Di sebuah desa kecil bernama Sukaporjo, hiduplah seorang gadis bernama Ais. Ia dikenal cerdas, pandai berbicara, dan cepat menanggapi setiap ucapan orang lain. Namun ada satu sifat buruk yang melekat padanya: lidahnya tajam. Ais sering berbicara seenaknya tanpa memikirkan perasaan orang lain.
“Kenapa kamu bodoh sekali?” katanya pada temannya yang salah menghitung saat pelajaran matematika.
“Aturan ini konyol! Guru itu tidak tahu apa-apa!” ucapnya keras-keras di depan kelas.
Banyak orang diam saja karena tahu Ais pintar, tapi diam-diam banyak hati yang terluka oleh ucapannya. Bahkan ibunya sering menegur,
“is, kata-katamu bisa jadi doa. Jangan sembarangan. Ingat, lidahmu bisa menentukan masa depanmu.”
Ais hanya tertawa. Ia merasa kata-katanya tak mungkin berpengaruh besar.
Suatu malam, setelah bertengkar dengan ayahnya, Ais keluar rumah sambil menggerutu.

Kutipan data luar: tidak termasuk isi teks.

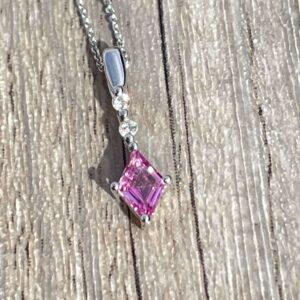 Collier saphir rose diamants en or 18 carats d’occasion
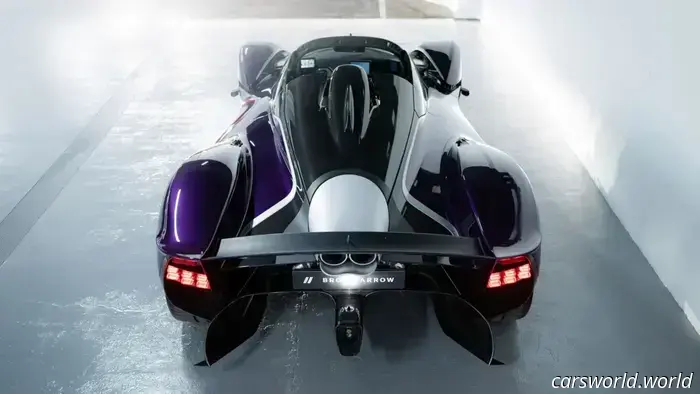 Qualcuno ha speso i soldi per una nuova Ferrari in optional, per poi disfarsi di questa Aston dopo 60 miglia | Carscoops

“Ah, andai saja aku bisa hidup tanpa harus mendengar ceramah orang tua setiap hari!” katanya ketus.
Saat itu, ia tiba-tiba mendengar suara lirih dari belakang pohon besar dekat rumahnya.
“Kamu yakin dengan ucapanmu?”
Ais terkejut. Dari balik pohon, muncul seorang kakek tua berwajah asing, membawa tongkat kayu. Matanya tajam, seakan bisa menembus hati siapa saja.
“Aku... siapa kakek?” tanya Ais gugup.
“Aku penjaga lidah manusia,” jawab kakek itu. “Setiap kata yang kau ucapkan akan membentuk jalan hidupmu. Kau sudah terlalu sering bermain-main dengan lidahmu. Mulai malam ini, apa pun yang kau ucapkan akan menjadi kenyataan.”
Seketika, tubuh Ais terasa dingin. Ia ingin tertawa, menganggap itu lelucon. Tapi sebelum sempat berkata apa-apa, kakek itu lenyap bagai asap.
Keesokan harinya, Ais berangkat ke sekolah. Di tengah jalan, ia melihat seekor anjing mengikutinya.
“Dasar anjing sialan! Semoga kau menghilang saja!” bentaknya.
Ajaib—anjing itu benar-benar lenyap di depan matanya. Ais terkejut, tubuhnya gemetar. Tapi ia juga penasaran.